Popped in the 3RZFE t-stat yesterday evening. I measured the inside width of the housing and it was close to 48mm wide. So I don't think we can put the larger opening version of the 3RZFE t-stat in the stock housing (as per my earlier experience - the opening component of that one is so wide coolant would have a hard time getting around it in the housing.).

I also measured the depth from the center of the t-stat rubber gasket to the bypass opening in the housing. It's about 42mm. Recall I measured the 3RZFE fully open to be about 44mm. So this means the t-stat will close off the bypass a bit earlier, and not open as much as it potentiality could. Although I think in reality it'll just compress the rubber gasket as it expands; and still open nearly all the way. It'll actually put a little more pressure on the bypass opening...which I feel is a good thing.

So initial thoughts? This t-stat is a whole different beast!! I'm very excited to see how it performs on a hot day with the truck under load. Although it's a 82C t-stat, the temp gauge sits rock solid lower than with my previous (and pretty new) 82C Tridon. And interestingly, in a pot on the stove the 3RZFE didn't even start opening until 82C. So that tells me I'm getting much more effective flow already. Downside is I may loose a bit of efficiency running cooler.

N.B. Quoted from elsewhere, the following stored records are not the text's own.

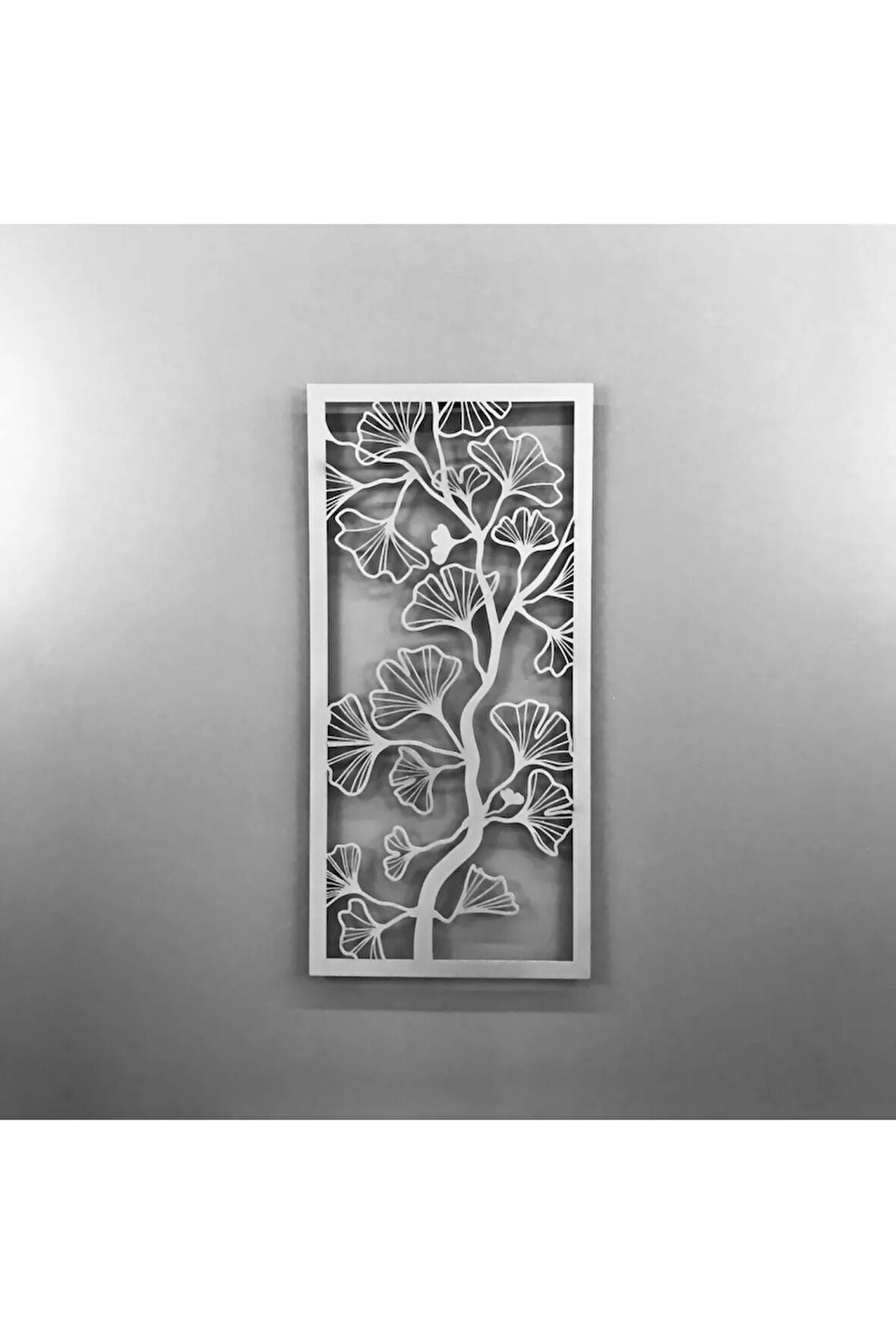 Gingko Biloba Yaprakları Metal Duvar Dekoru
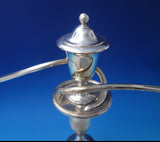 English Georgian Silver on Copper Candelabra Pair 15" x 15" (#5946)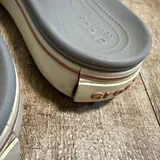 Crocs шлепанцы, белые шлепанцы 5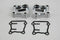 Motorshop Chrome Billet Tappet Block Set - 10-0815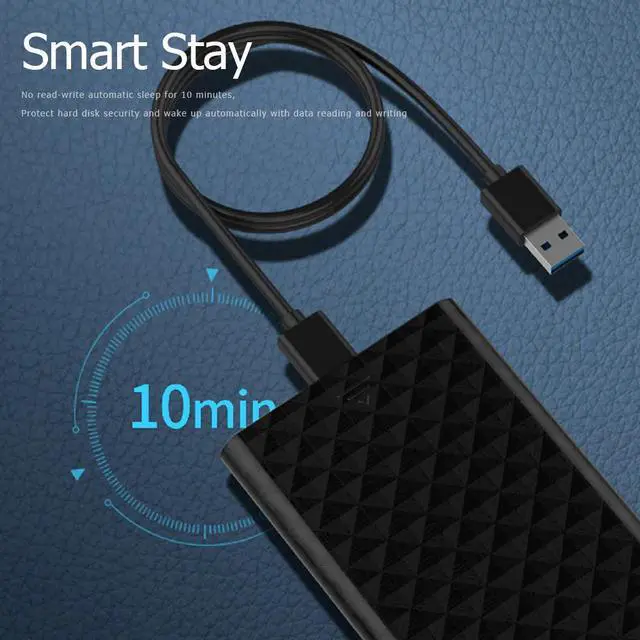 Alt view image 4 of 5 - USB3.0 to SATA SSD Case External SSD hdd Hard Disk Box Adapter 2.5 inch SATA Mechanical HD Solid State Hard Drive for PC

I'll try to do a run up one of the big long highway hills near me this weekend and report back. Also, I'm towing the following weekend, so that will be the real test!

I'm very happy so far!

Another thing I noticed with my Tridons; they both say 'moto-rad' inside of them; so thats who makes them in case anyone was curious.

Pic from this morning:

IMG_20200612_084948871.jpg
 
Hooked up the trailer and went for a tow up a long steep highway grade yesterday. Ambient temperature was only around 17C (63F).

The 3RZFE t-stat behaved exactly like a good condition Tridon. I was hoping for better, but that was a bit unrealistic (in retrospect) as the opening diameter/distance is basically the same as the Tridon. Anyhow, at least we know the 3RZFE is a good option for the motor. Gives more part options, and higher quality options than the Tridon.

Still trying to get my hands on a spare t-stat housing, and I can try some other ideas. Maybe revisit the huge opening 3RZFE t-stat version or the 1KZTE one that ATEB (Vancouver shop) was using.

I am beginning to wonder if the build up of heat is in the cast iron of the head and the coolant temp is just reflecting that fact though. If this is the case, improving the t-stat diameter beyond a point may not help much. Heat in the cast iron would make sense given the slow steady build of heat going up a long grade, and the couple minutes it takes to cool down once cresting a summit. If it was just the coolant in the head holding the heat, I think it would heat up faster and cool faster than what I've seen.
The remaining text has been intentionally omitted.